DATA SHOWN »
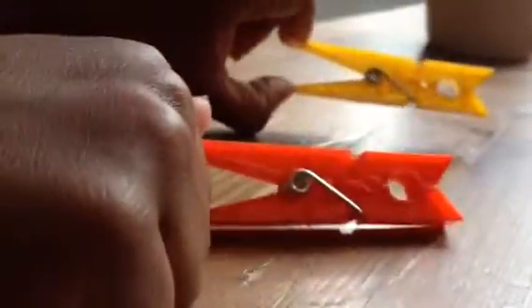Hello guys, today I will be showing you how to make rainbow clothes peg.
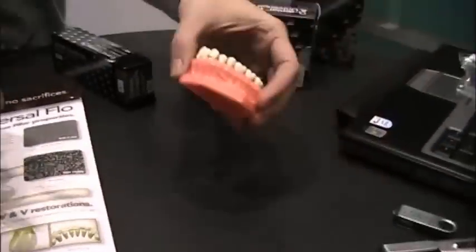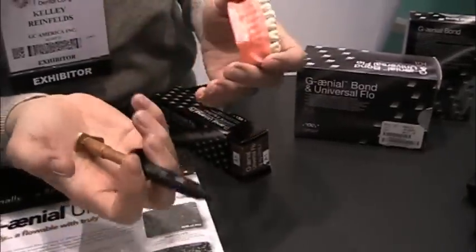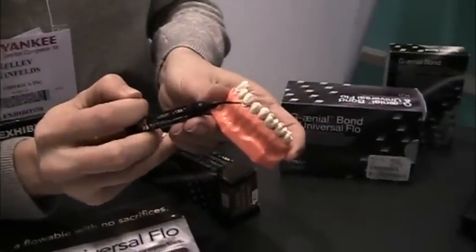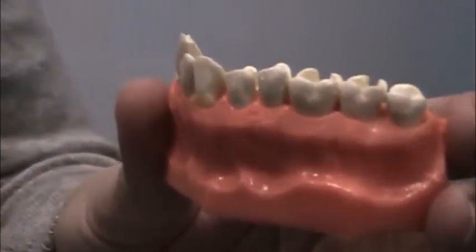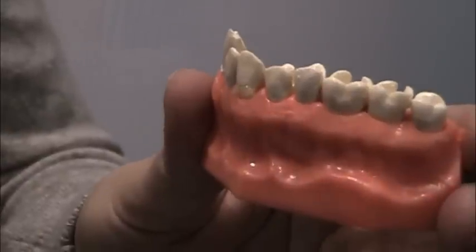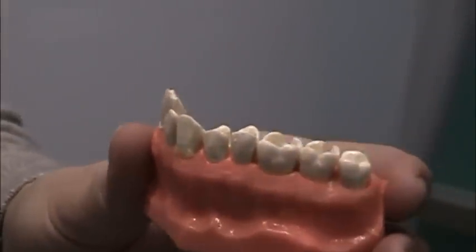I'll demo here on the typodont. This is the syringe it comes in — it's been redesigned and fits very nicely in the palm of your hand. It's very low flow, so you'll definitely need to work with the syringe to get it to come out. You can see there, filling a class five, and it's not going to run or slump — it stays right where you put it. You can actually create anatomy with it, and it is strong enough to use all the way to the occlusal surface in class ones and twos as well.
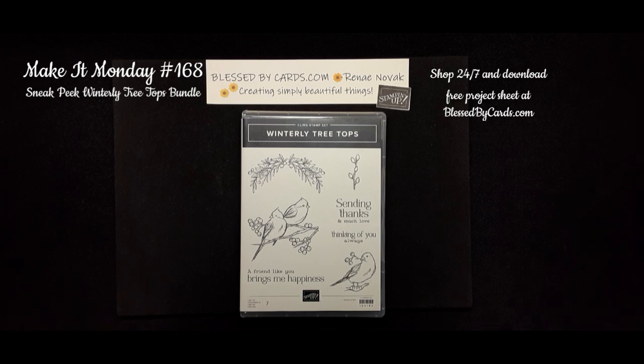Hello, my stamping friends. This is Renee Novak at BlessedByCards.com. I'm an independent Stampin' Up! demonstrator in the United States.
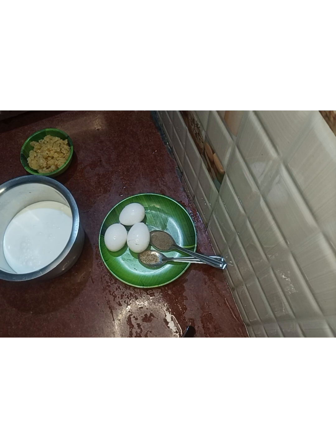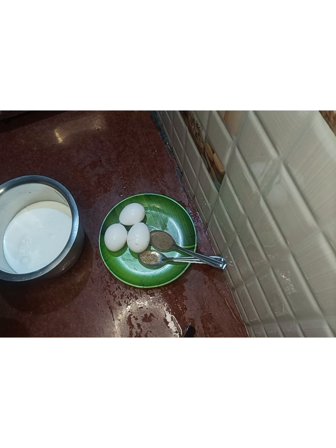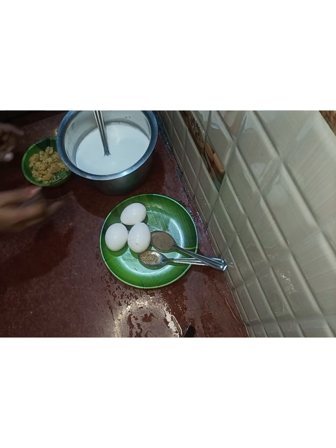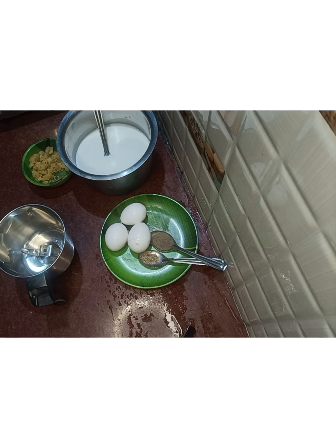Add some red pepper or add some black pepper. Add all the garlic. Add some sweet onion, add more sweet onion, add some salt as well. I will do the next process.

EXERCISE AIM »
The output is the lines from the start of the data above through the line containing "I'll demo here", unchanged, with any picture left out.

WRITTEN SOLUTION »
Hello guys, today I will be showing you how to make rainbow clothes peg.
I'll demo here on the typodont. This is the syringe it comes in — it's been redesigned and fits very nicely in the palm of your hand. It's very low flow, so you'll definitely need to work with the syringe to get it to come out. You can see there, filling a class five, and it's not going to run or slump — it stays right where you put it. You can actually create anatomy with it, and it is strong enough to use all the way to the occlusal surface in class ones and twos as well.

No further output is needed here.